## [Problem requirements]
Only one span is wanted from the lines below: from the one with "小鸟或Dovekie（雌性），All alle。爱德华-多诺万根据他自己的《英国鸟类自然史》绘制和雕刻的手绘铜版，伦敦 作者" up to and including the one with "Eco Olive Treehouse キャンプ場 *". Copy it exactly, without images.

## [Material supplied]

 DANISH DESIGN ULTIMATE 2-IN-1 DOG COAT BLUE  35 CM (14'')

==

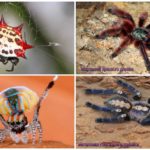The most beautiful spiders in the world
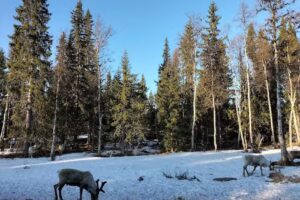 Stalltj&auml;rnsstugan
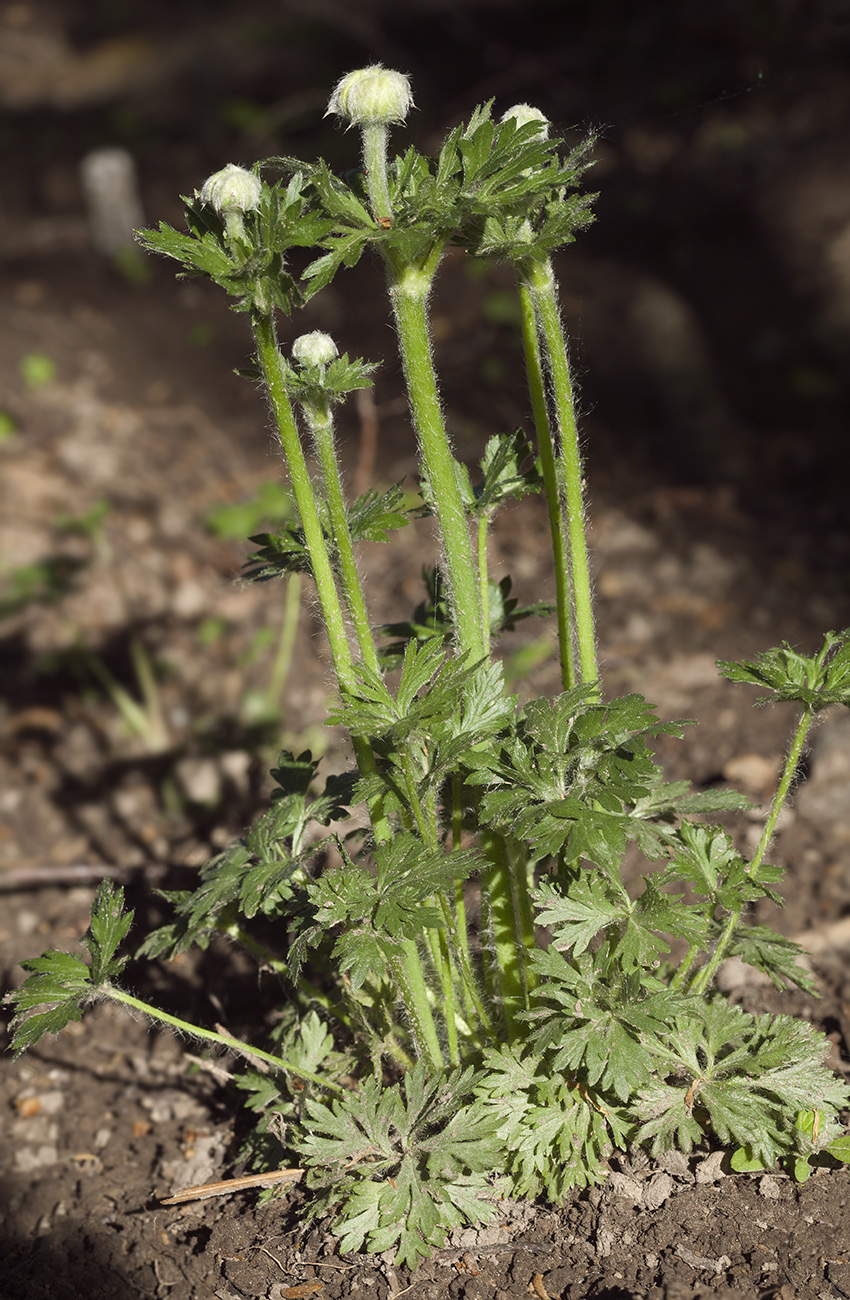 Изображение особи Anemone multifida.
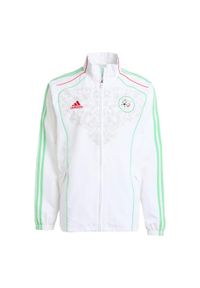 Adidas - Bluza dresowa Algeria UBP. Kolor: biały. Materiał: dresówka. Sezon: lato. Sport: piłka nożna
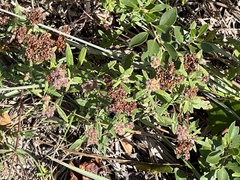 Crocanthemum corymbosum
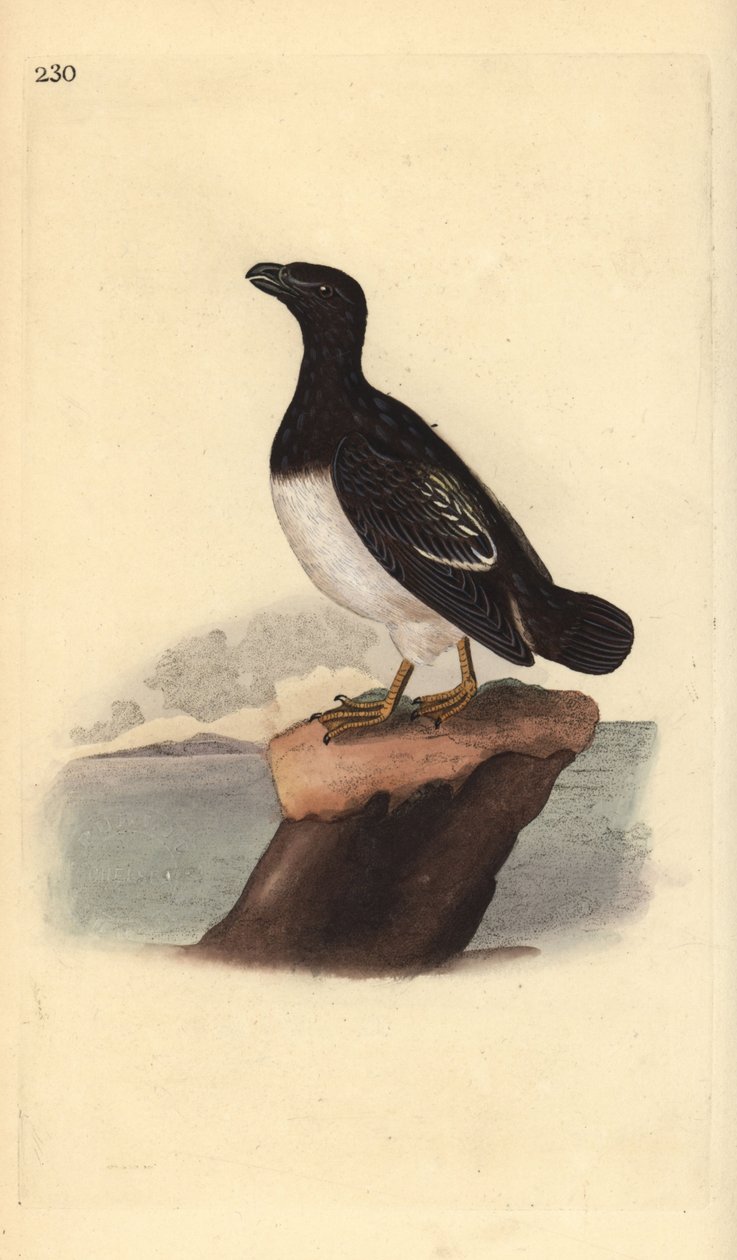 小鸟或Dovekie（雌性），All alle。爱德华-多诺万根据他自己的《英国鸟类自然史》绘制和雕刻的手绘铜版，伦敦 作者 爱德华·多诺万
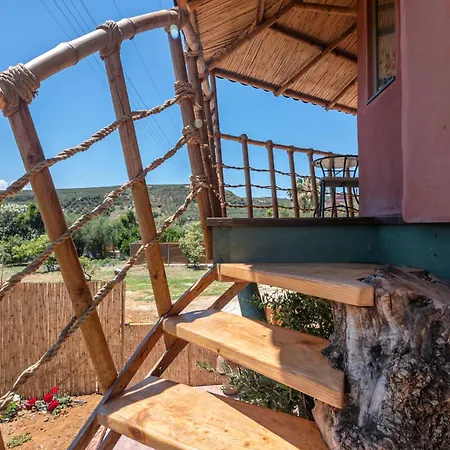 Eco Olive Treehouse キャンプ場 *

...

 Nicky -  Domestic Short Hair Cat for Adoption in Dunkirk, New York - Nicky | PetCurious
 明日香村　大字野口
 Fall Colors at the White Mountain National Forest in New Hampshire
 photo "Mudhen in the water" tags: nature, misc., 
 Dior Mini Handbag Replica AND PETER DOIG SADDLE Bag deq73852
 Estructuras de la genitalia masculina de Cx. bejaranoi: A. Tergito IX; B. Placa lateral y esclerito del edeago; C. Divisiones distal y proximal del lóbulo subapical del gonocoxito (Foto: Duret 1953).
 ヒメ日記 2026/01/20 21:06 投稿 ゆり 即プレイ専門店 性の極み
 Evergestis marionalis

## [Task result]
 小鸟或Dovekie（雌性），All alle。爱德华-多诺万根据他自己的《英国鸟类自然史》绘制和雕刻的手绘铜版，伦敦 作者 爱德华·多诺万
 Eco Olive Treehouse キャンプ場 *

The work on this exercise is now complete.